Disciplinary actions for more than five days, thus necessitating the offending officer to be named, can be handed out for uniform violations, loss of equipment or violations of departmental rules that have nothing to do with keeping bad cops off the streets, the unions said. Going back 20 years, or releasing old files, they continued, fails to consider officers who have used the discipline to “learn and improve themselves as professionals.”

“Releasing 20 years of misleading data about officers who may have long ago retired or active officers with a stellar record since their discipline serves only to smear the officers and drive a wedge between the police and the public.”

“We don’t want to protect bad police officers,” Alex Cruz, President of PBA Local 1 said initially, a statement the unions doubled down on Wednesday. “But we can’t put good police officers in danger.”

“Releasing information from an officer’s personnel file should involve a measured approach rather than a blanket document dump that does not tell a complete story about an officer or his or her ability to serve the public honorably.”

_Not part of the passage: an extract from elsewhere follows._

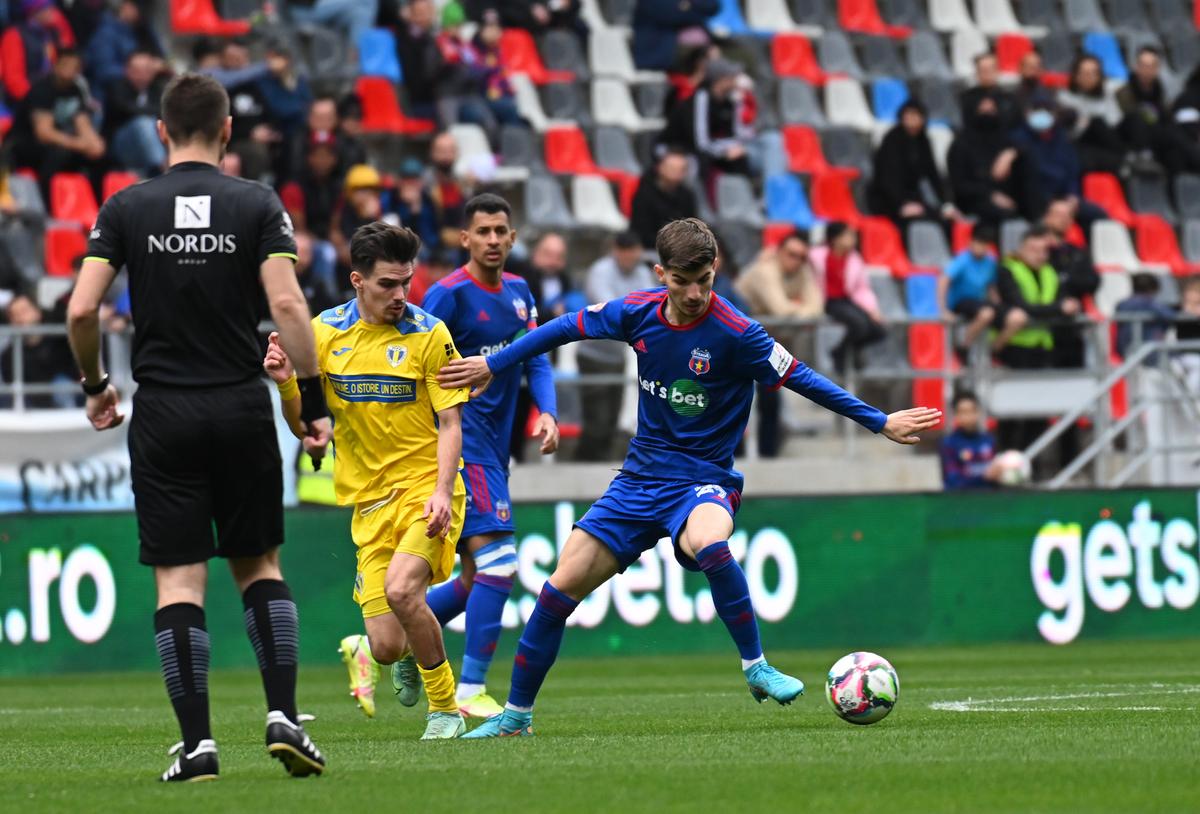 Daniel Oprița, încântat după CSA Steaua - Petrolul » Ce le-a spus jucătorilor la pauză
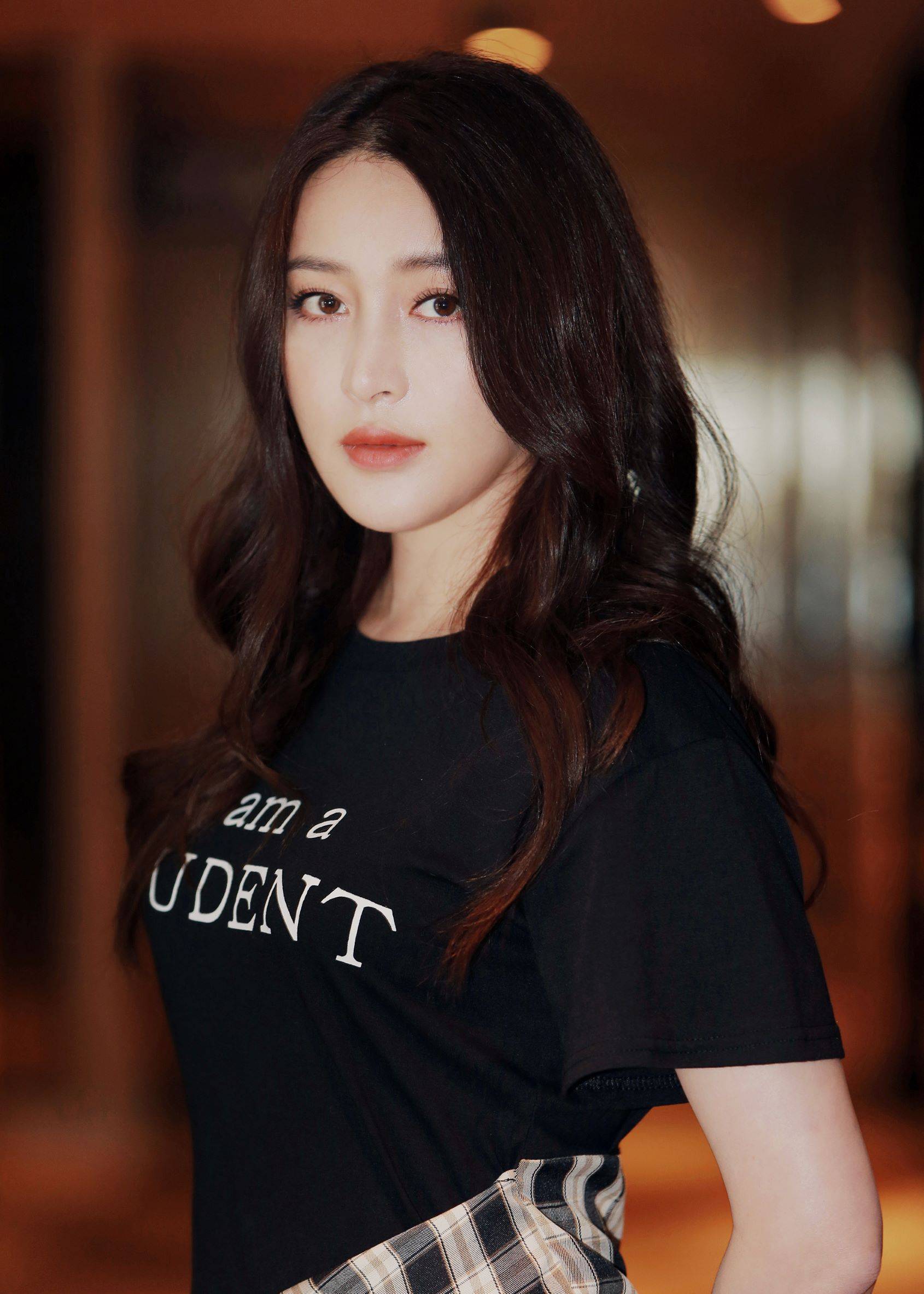 甘婷婷出席发布会 演绎小人物大情怀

In response to the setback Sayegh said that his directive was aimed at “offering full transparency to residents at a time when trust is needed more than ever between civilians and law enforcement.”

Despite it being a “difficult choice” which he knew wouldn’t please everyone, Sayegh said that he believed he had to make it towards the “greatest good for local residents.’ 

“I maintain that I am on the right side of this issue and I look forward to continued work that will bring our community together.”